İsmail Bey: "Zaruret nedir Sınırı nedir 'Zaruretler mubahları helal kılar' hükmü nasıl anlaşılmalı"
Zaruretin Tarifi
Zaruret, sözlükte zorunluluk, çaresizlik, muhtaçlık, şiddetli ihtiyaç, aşırı yoksulluk, mecburiyet, zorunda olmak demektir. Fıkıhta ise, yasak edilmiş ve haram kılınmış olan bir fiilin işlenmesini geçici olarak mubah kılan özürdür.

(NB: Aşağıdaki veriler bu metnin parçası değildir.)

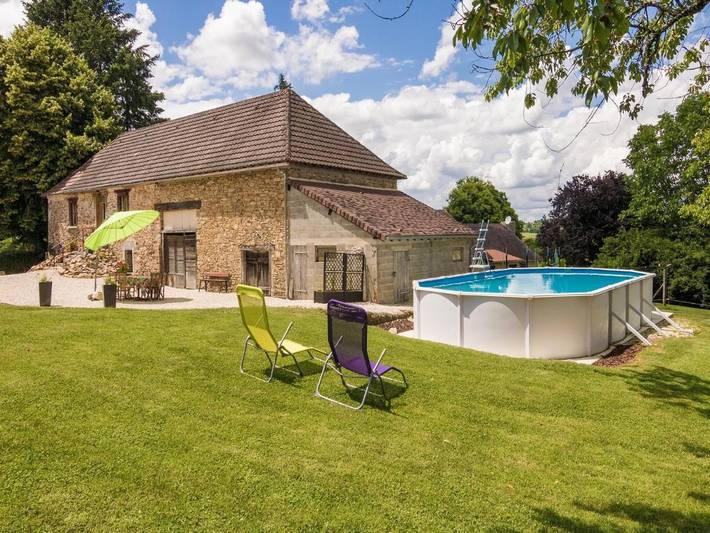 Location de vacances pour 4 personnes, avec Terrasse ainsi que Jardin et Piscine à Saint-Priest-les-Fougères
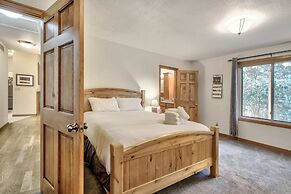 5BD Mountain Getawayhot Tub & Foosball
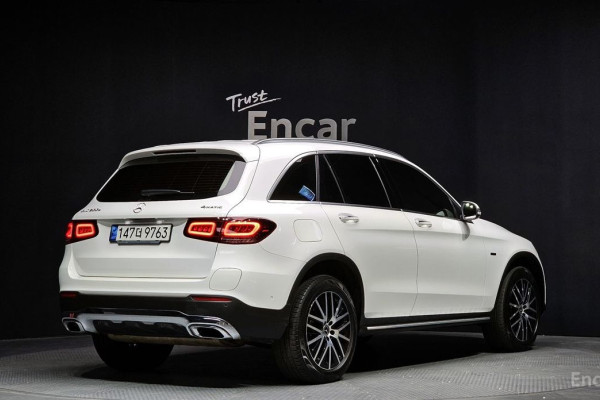 2021 Mercedes-Benz GLC с пробегом 103 442 км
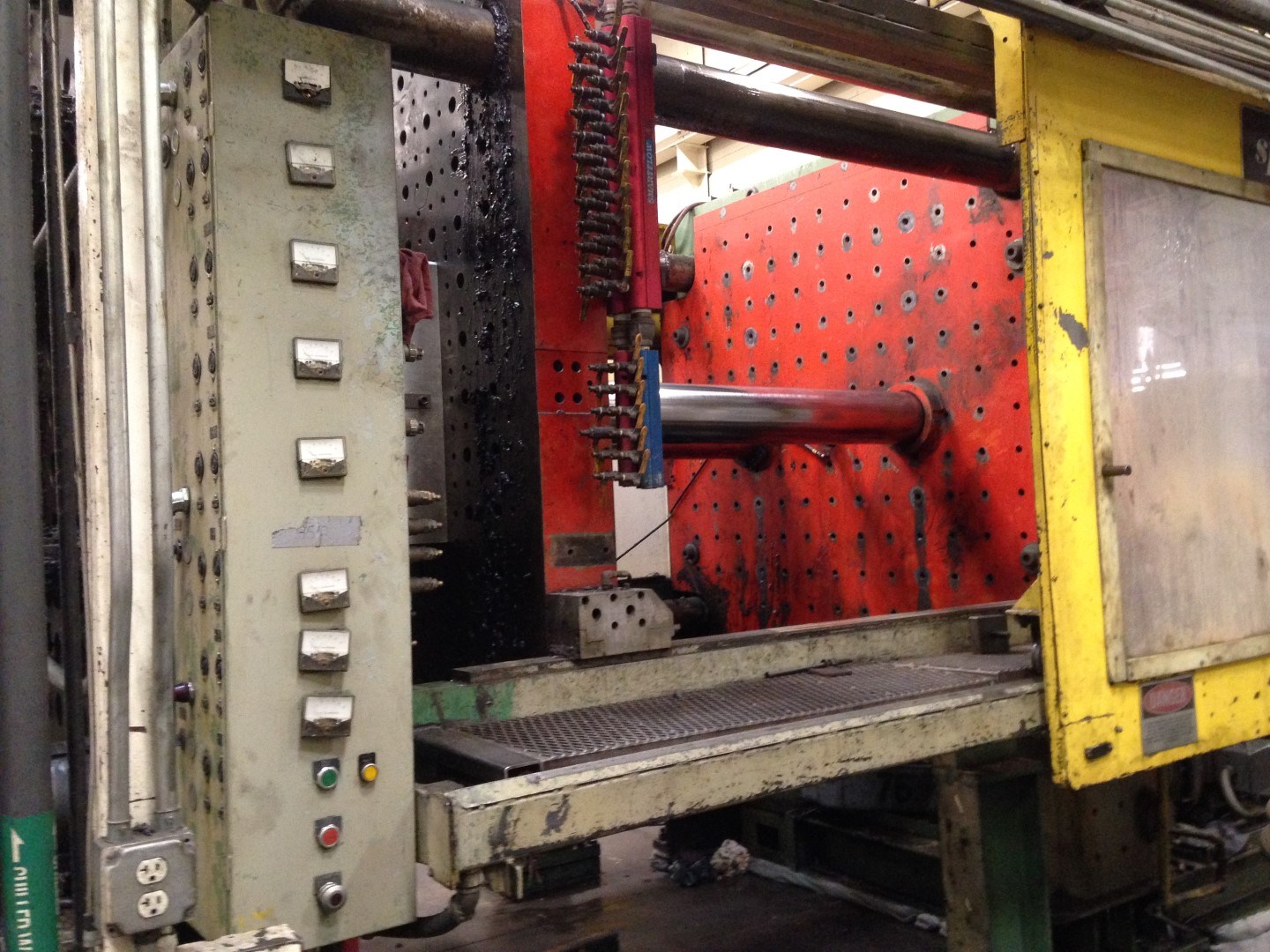 400 Ton Uniloy Springfield Structural Foam Molding Machine Plastic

Zaruretlerin haramları mubah kılması hükmü Kur'ân'a dayanır. Kur'ân, hemen her haram hükmünü bildiren âyette, hükmün ardından, "Kim darda kalırsa..."1, "Açlıktan darda kalan..."2,"Darda kalan..."3 ifadeleriyle zaruret içine düşenleri şefkatli kucağına alır, onları haramdan, günahtan ve günah baskısından korur.

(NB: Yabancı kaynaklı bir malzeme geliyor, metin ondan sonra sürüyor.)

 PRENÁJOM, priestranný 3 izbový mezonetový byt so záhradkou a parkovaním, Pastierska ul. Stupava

Zaruretin sınırını ayet ve hadislerden aldıkları doğru işaretlerle mezhepler çizmiştir. Hanefî mezhebine göre zaruretin sınırı, "kişinin, farz olan ibadetleri yapmaya güç yetiremeyecek kadar zayıf düşmesidir. Bu mezhepte, "Zaruret halinde ölmeyecek kadar haramdan yemekte bir beis yoktur" denmiştir.

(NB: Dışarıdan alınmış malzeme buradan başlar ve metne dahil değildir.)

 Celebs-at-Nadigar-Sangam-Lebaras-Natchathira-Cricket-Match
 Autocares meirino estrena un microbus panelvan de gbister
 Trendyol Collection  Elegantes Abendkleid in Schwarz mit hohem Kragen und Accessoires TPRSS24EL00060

Şafiî mezhebine göre ise kişi zaruret halinde haramdan tıka basa yiyemez; ancak hayatta kalacak kadar yemesine ruhsat vardır.4
Hanbelîler, Mâlikîler ve Şafiîler zaruret halini şöyle formüle etmişlerdir: "Lokma boğaza takılıp kalırsa, ölüm tehlikesini atlatmak için içecek su bulamazsa, içki câiz olur."5 Kurtubî, bunun hikmetini şöyle açıklar: "Zaruret halinde kişi bütün mubahlardan âciz kaldığı için, Allah Teâlâ ona haramları mubah kılmıştır."6
Sû-i ihtiyardan Gelmemeli
Müçtehidler darda kalma müddetini 24 saat olarak sınırlandırmışlardır. Yani 24 saat helâl yiyecek bulamayan kimsenin, ölmeyecek kadar haram yiyebileceğine hükmetmişlerdir.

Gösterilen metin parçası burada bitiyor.